Exercise inputs:
+--

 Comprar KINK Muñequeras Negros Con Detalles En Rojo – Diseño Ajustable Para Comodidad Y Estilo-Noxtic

+--

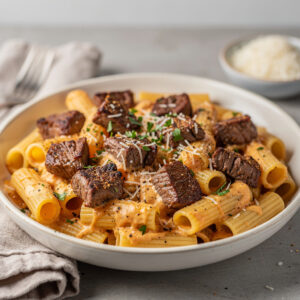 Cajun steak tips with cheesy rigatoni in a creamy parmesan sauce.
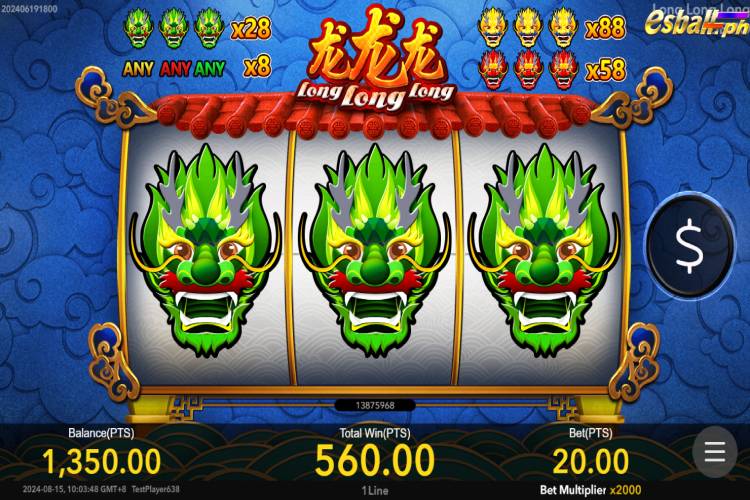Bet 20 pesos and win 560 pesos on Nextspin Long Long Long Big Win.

+--

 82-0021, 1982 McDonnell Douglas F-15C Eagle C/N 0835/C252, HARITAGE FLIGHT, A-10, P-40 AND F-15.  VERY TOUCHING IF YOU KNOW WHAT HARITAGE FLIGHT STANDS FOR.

+--

The expected output is the lines above from the one containing "Cajun steak tips" to the one containing "Bet 20 pesos", both ends included, reproduced exactly with every picture left out.

 Cajun steak tips with cheesy rigatoni in a creamy parmesan sauce.
Bet 20 pesos and win 560 pesos on Nextspin Long Long Long Big Win.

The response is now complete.